Affiliations and Expertise

University of Haifa, Israel

Donald Wilson

Donald A. Wilson, Ph.D. - I received my doctorate from McMaster University in Ontario Canada and post-doctoral training at the University of California at Irvine. My first faculty position was at the University of Oklahoma where I rose to Professor. I am currently Professor of Child & Adolescent Psychiatry and Neuroscience & Physiology at New York University Langone School of Medicine and Senior Research Scientist in the Emotional Brain Institute at the Nathan Kline Institute for Psychiatric Research. My lab and I are interested in how the mammalian brain processes and remembers information. As a model system we focus on rodent (rats and mice) discrimination and memory for odors. Using electrophysiological, behavioral, genetic, neuroanatomical and pharmacological approaches we explore the neurobiology of memory and the role of experience in sensory system function.
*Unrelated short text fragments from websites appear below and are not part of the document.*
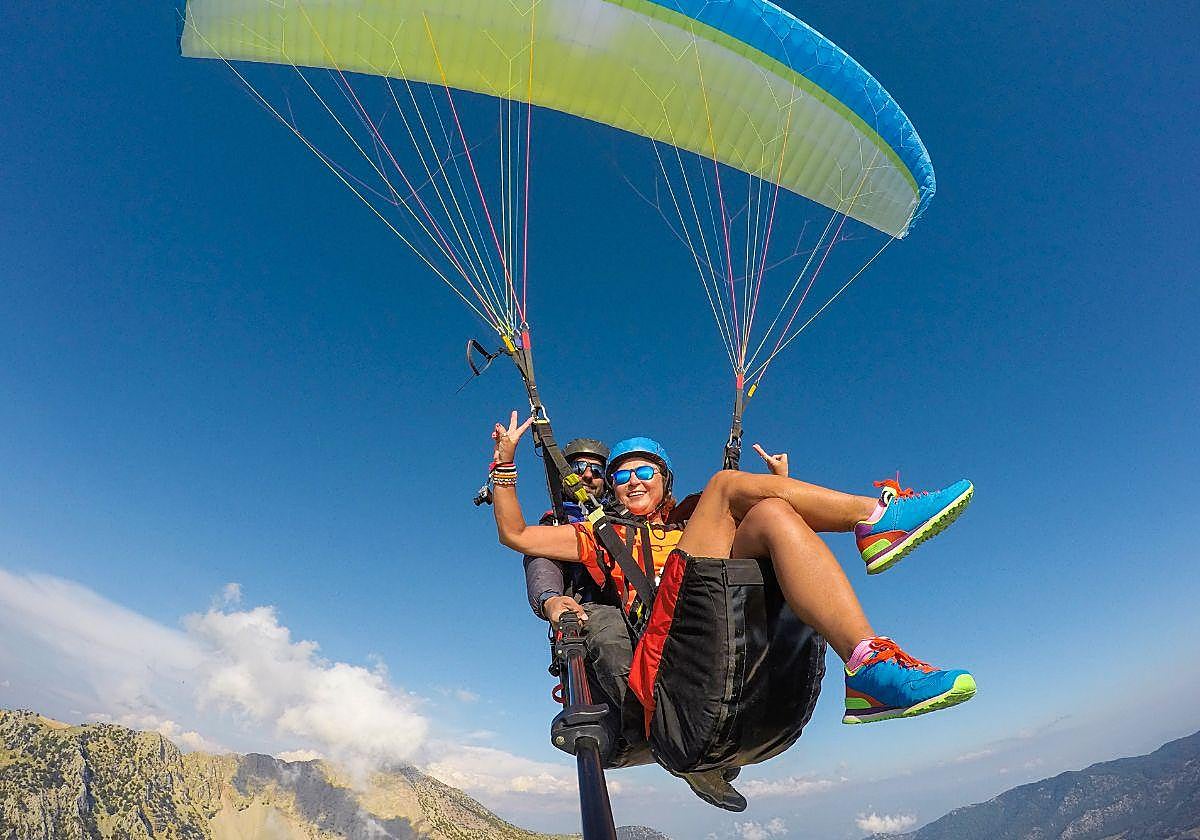 En este pueblo de Cádiz puedes volar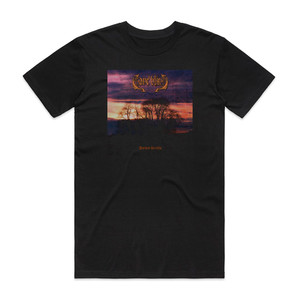 Cave Blind Ancient Scrolls Album Cover T-Shirt Black Cave Blind Ancient Scrolls Album Cover T-Shirt Black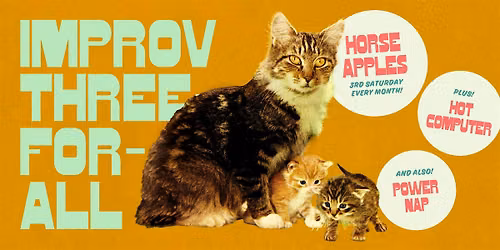 Improv Three-For-All!
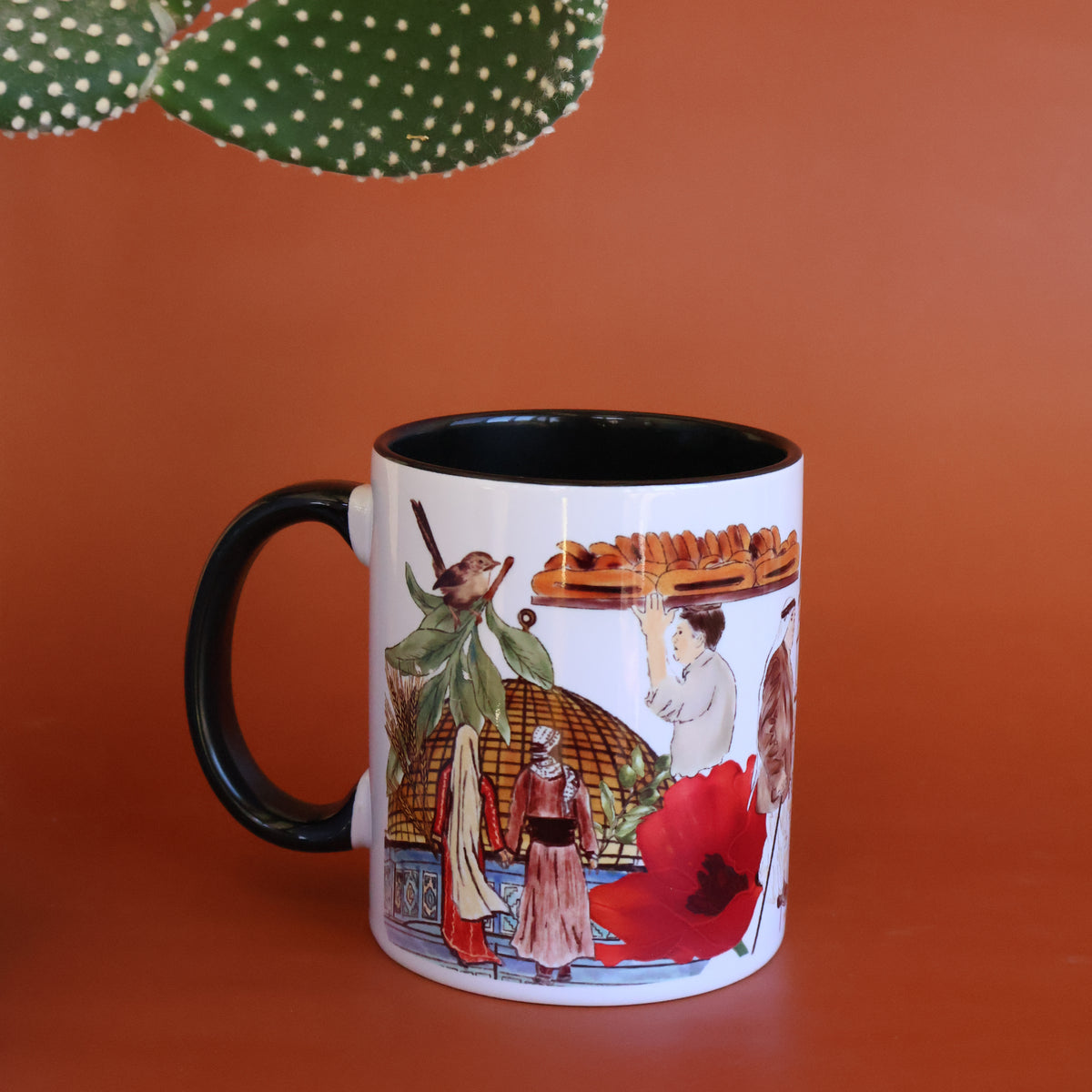 Figure Of Jerusalem Mug | People of Jerusalem |Drinking mug |Coffee mug |Tea mug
The underlying hypothesis of much of our work is that memory plays a critical role in even basic sensory discrimination. That is, your perception of the world is not static but reflects your past experiences. Some specific questions we are addressing include: how does sensory experience shape odor discrimination?; how does sensory encoding reflect hedonic/emotional associations of odors?; what role does sleep play in olfactory perceptual learning?; how do local neural circuits and larger regional networks interact to shape perception and memory? In addition, we are interested in how experience early in life (Fetal Alcohol Spectrum Disorder), or aging and dementia (Alzheimer's disease) can influence sensory system function.